E la storia di Cesare e Vittorio non è tanto diversa, quel desiderio di cambiare, di trasformarsi è solo un’illusione, una via di fuga mentale che non porterà da nessuna parte. Non sarà un lavoro onesto a liberarli dalla propria vita passata, perché i due ragazzi sono stati già fregati nella loro testa, come quasi tutti, nei bisogni che credono necessari, nei limiti di un mondo chiuso che non riusciranno mai a superare.
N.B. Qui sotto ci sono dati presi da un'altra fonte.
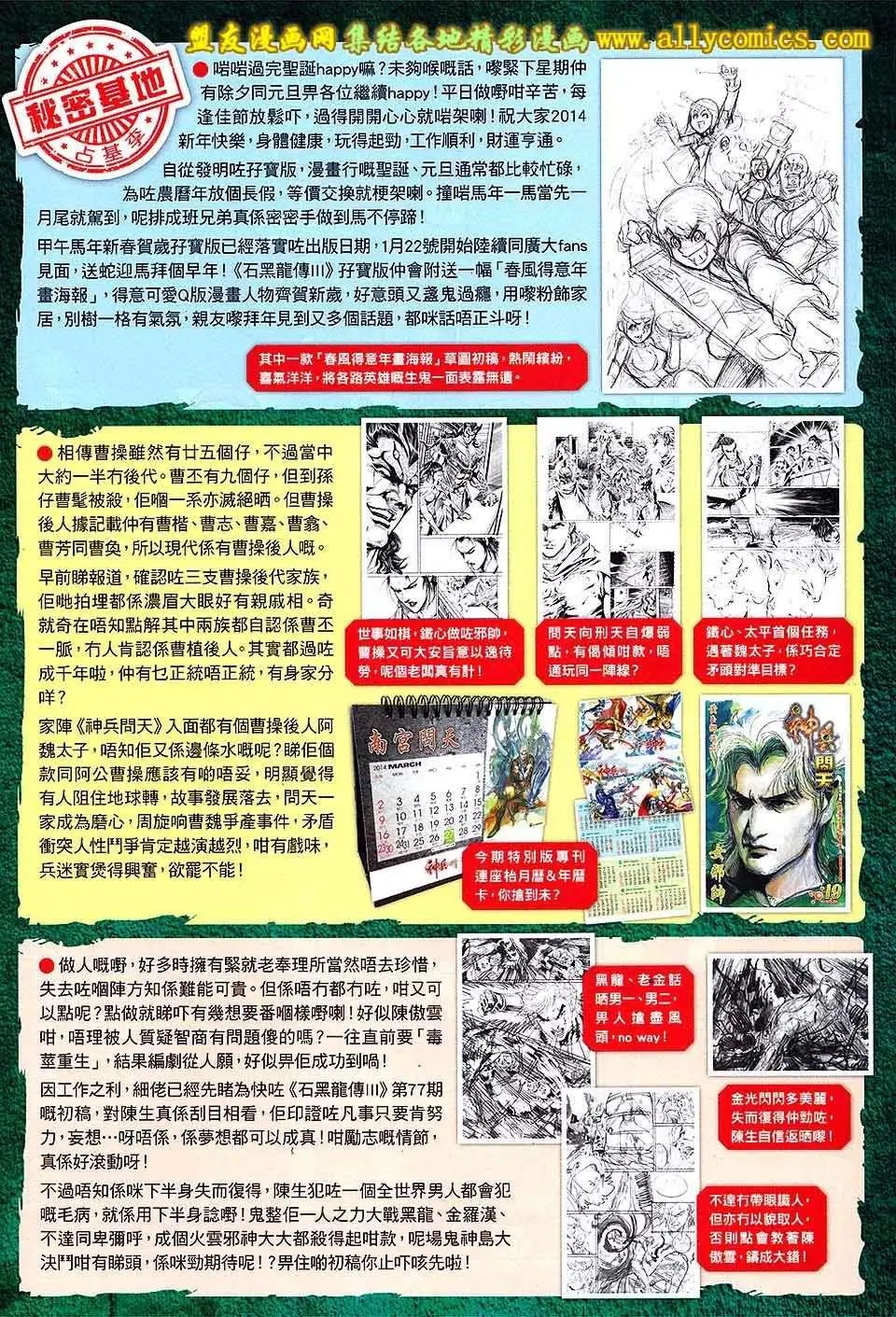 第75卷
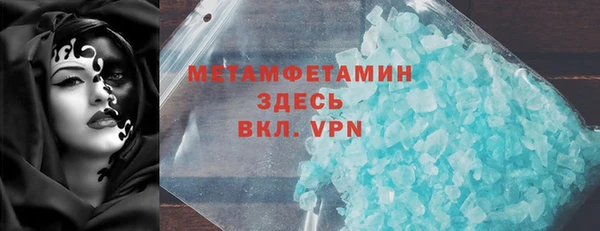 прущие крисы Богданович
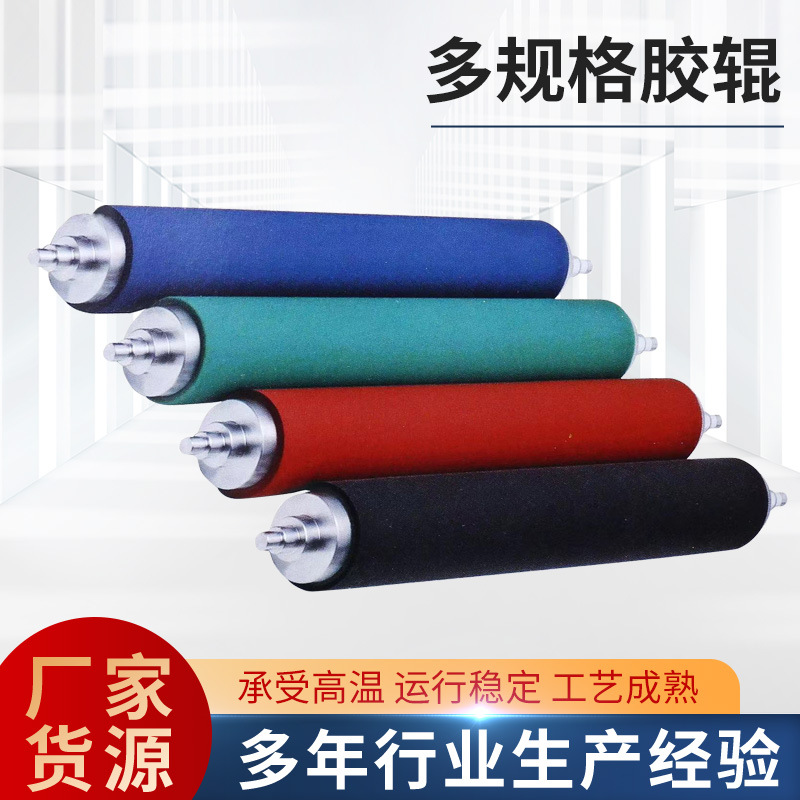厂家供应包胶滚轮玻璃机械胶辊工业辊木工辊印刷滚筒机械厂包装机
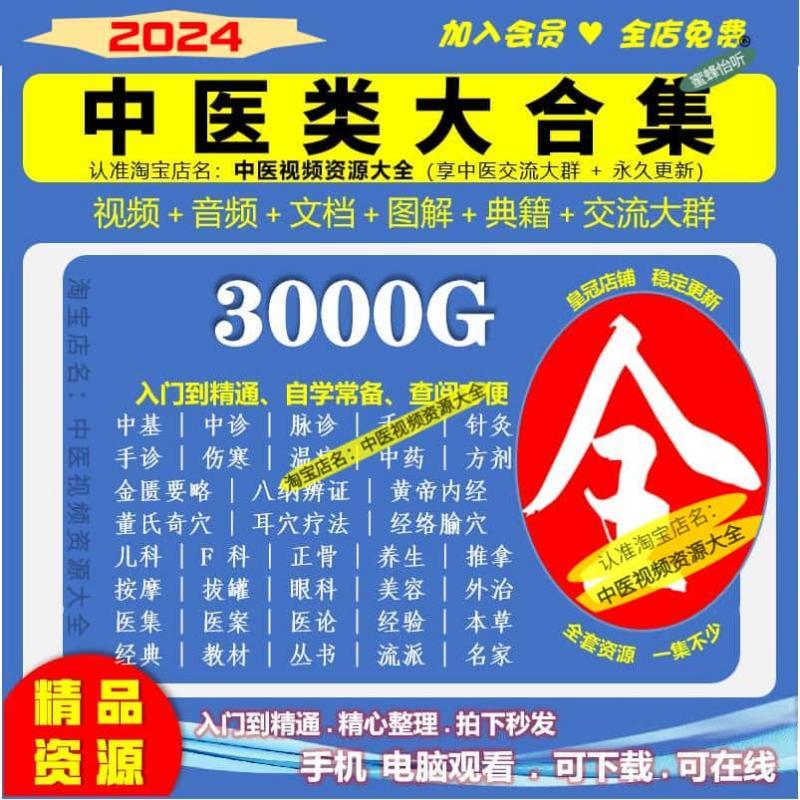 中医视频音频文档分类大全集自学习课程零基础入门到精通教程资源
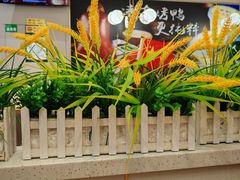 -半天妖烤鱼(丰科万达店)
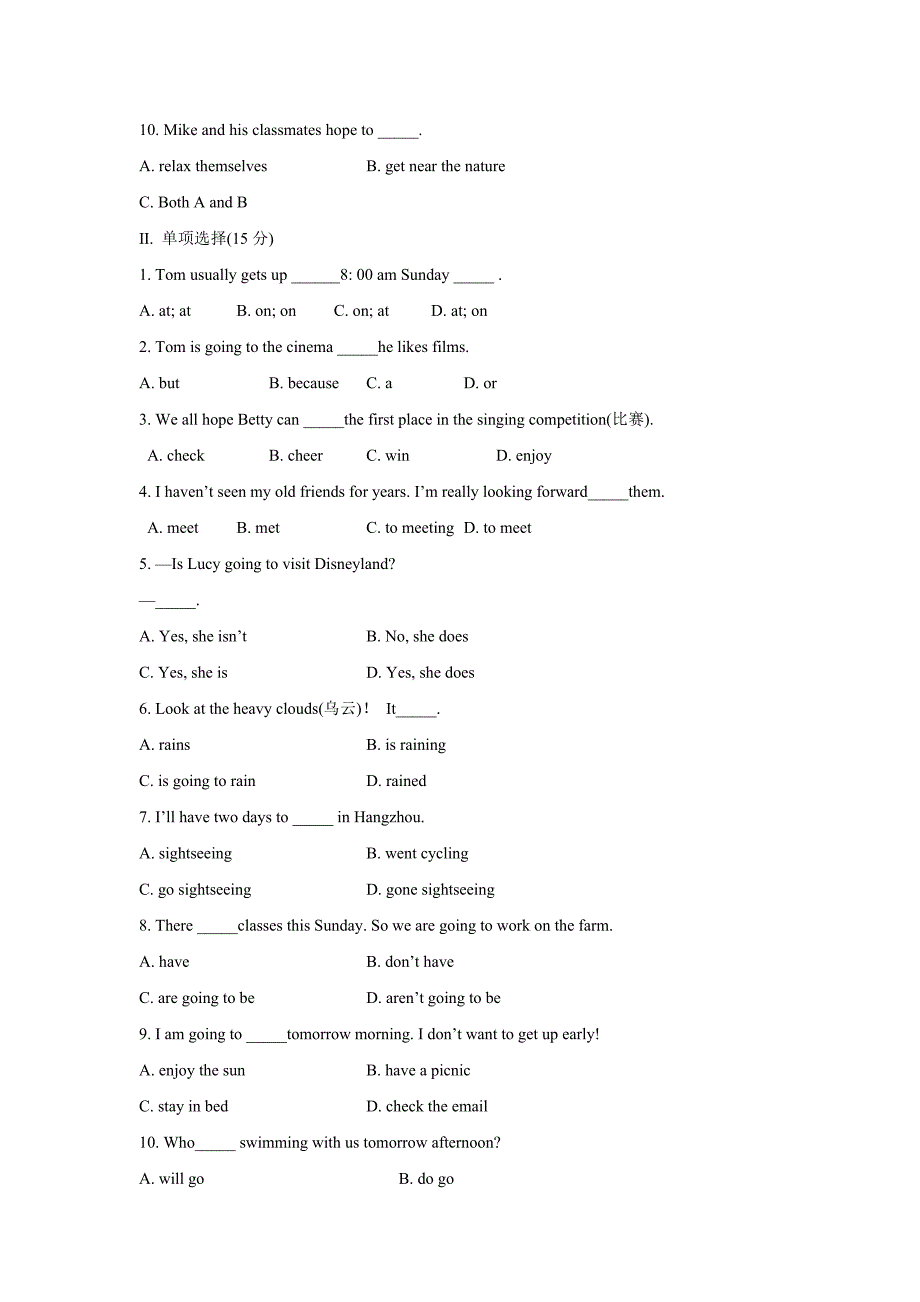 2013年春外研英语七年级下册单元测试题(Module3)_第2页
A metà degli anni novanta, a Roma e Ostia (colonia della delinquenza della Capitale e del Litorale) giravano enormi quantità di pasticche, ecstasy e amfetamine e Cesare e Vittorio i soldi se li guadagnano così, spacciando (anche cocaina) e ricomprando merce per spacciare di nuovo, per poter vivere e pagarsi anche tutte le sostanze che loro consumano. Caligari conosce bene quel mondo e i suoi protagonisti ne incarnano spirito e comportamenti, linguaggio e stile. Il regista riesce a cogliere la purezza di emozioni intense e vere, improvvise e vibranti, che fioriscono sullo schermo e dentro il cuore dello spettatore. Uno sguardo sempre sincero quello di Caligari, comprensivo, a tratti, anche se mai assolutorio, che cerca di abbracciare i ragazzi, nei momenti più cupi, quando il dolore e la disperazione bruciano, quando tutto sembra che stia per precipitare di nuovo.
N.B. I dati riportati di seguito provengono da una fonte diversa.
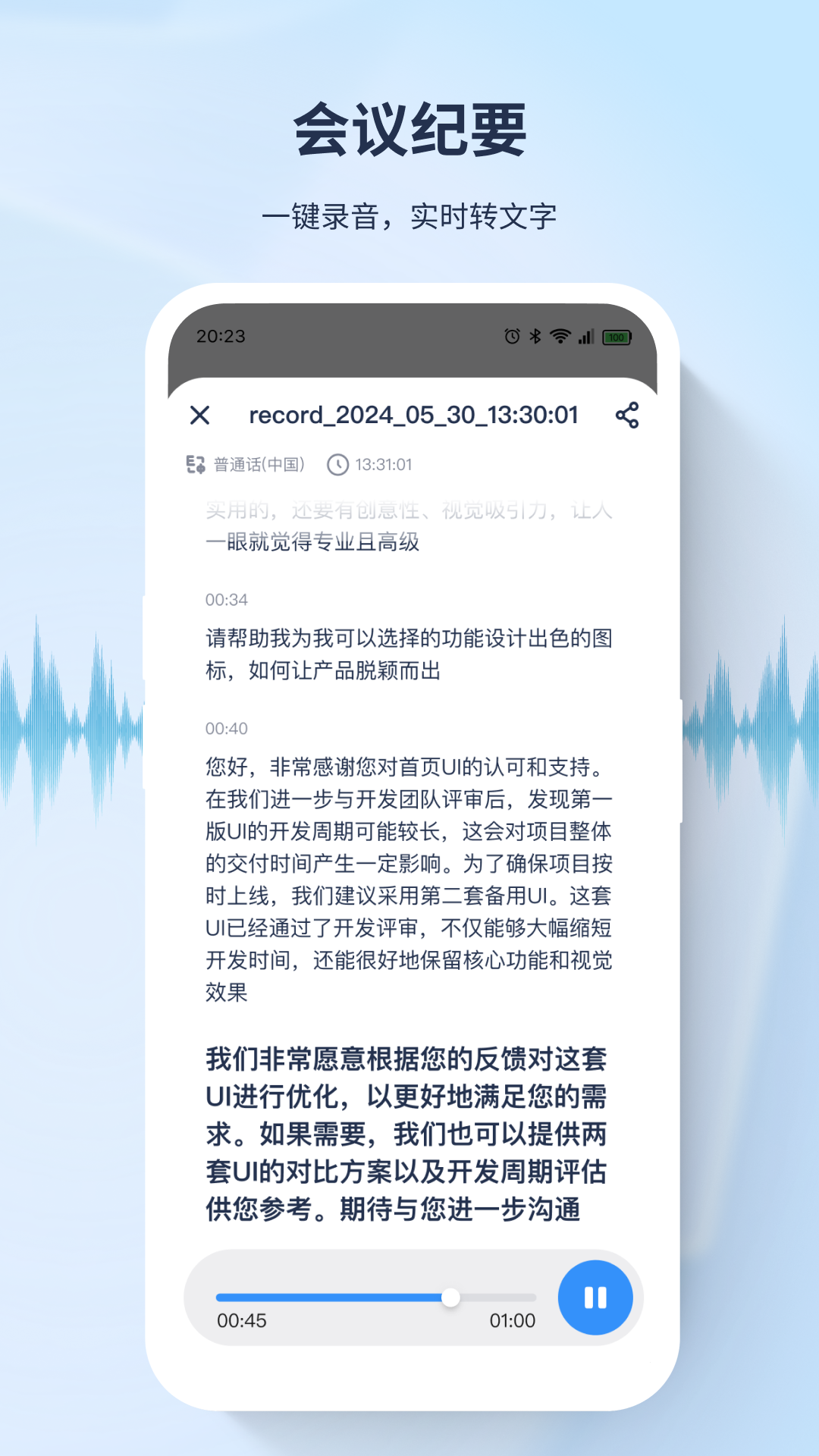 译吖译翻译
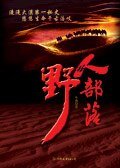 野人部落（出书版）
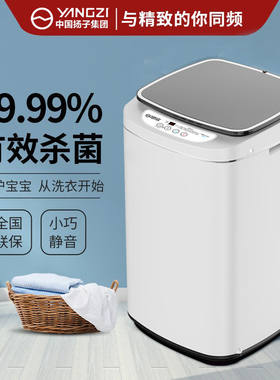新款母婴洗衣机全自动小型家用宿舍租房用学生党波轮内衣裤洗脱机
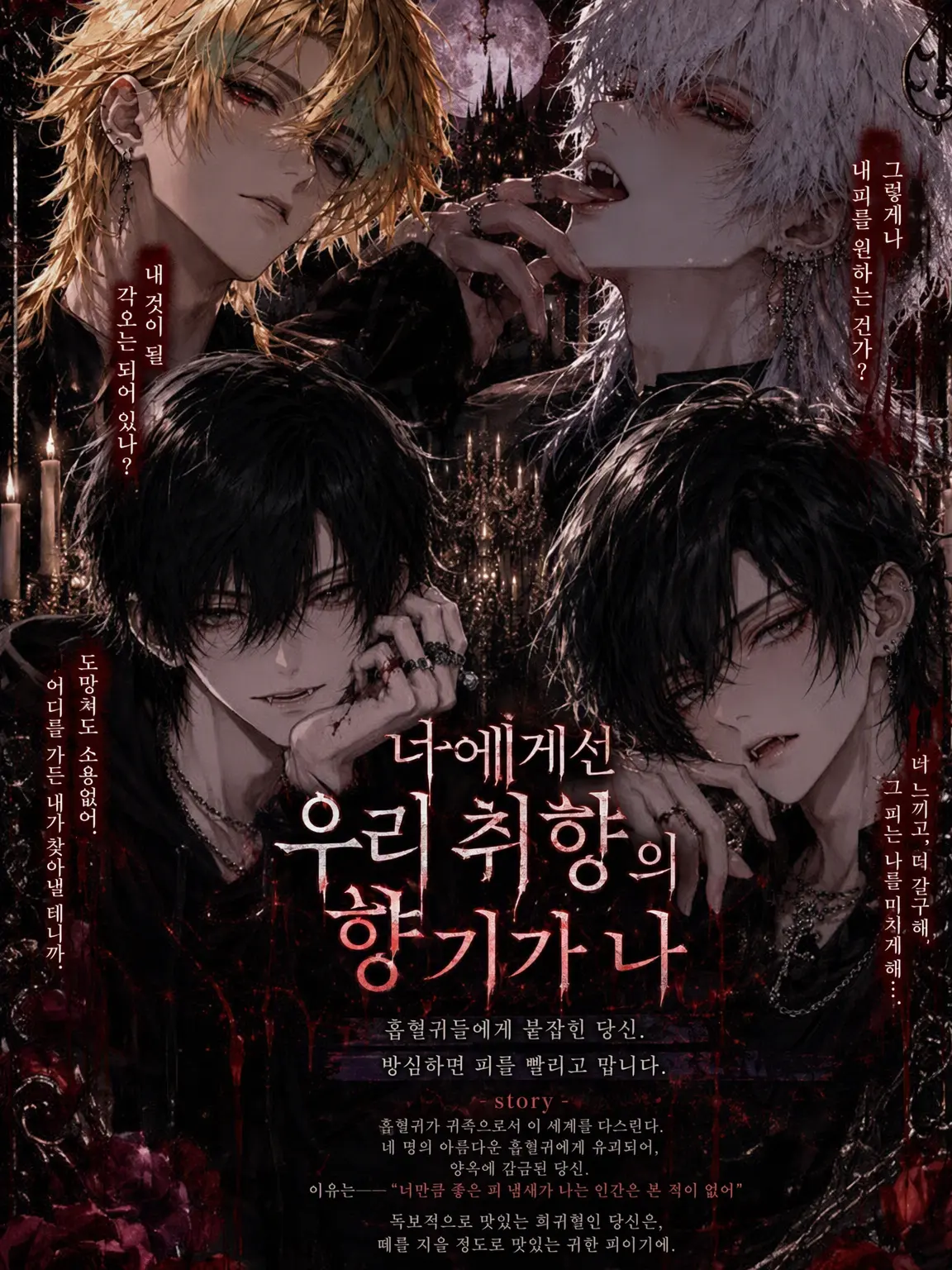 Ray_Crawford의 너는 우리가 좋아하는 향기가 나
Ci sono echi di Pasolini e Scorsese, dei ragazzi di vita del primo e delle mean streets del secondo e anche del loro linguaggio cinematografico che sembra intrecciarsi con quello dello stesso Caligari, ci sono flash di Johnny Boy nell’interpretazione di Luca Marinelli, così mimetico nel dare corpo e voce a Cesare, che persone così, quasi venti anni fa, per strada o a scuola le incontravi davvero.
E poi di nuovo lei, l’eroina, nell’inizio/citazione di Amore Tossico, nelle siringhe lasciate in spiaggia, nelle morti per AIDS, in quel sacchetto che Cesare guarda intimorito e attratto. Per poi cedere, come tutti.
Cicli umani e vite interrotte, dietro di esse il mare, da non guardare troppo, perché poi arrivano i pensieri ed essere cattivi, sulla terra ferma, rimane l’unico modo, per alcuni, per sopravvivere a quelle onde, sperando che la dolcezza di uno sguardo o di un contatto arrivi poi, improvvisa, a salvarci e renderci diversi.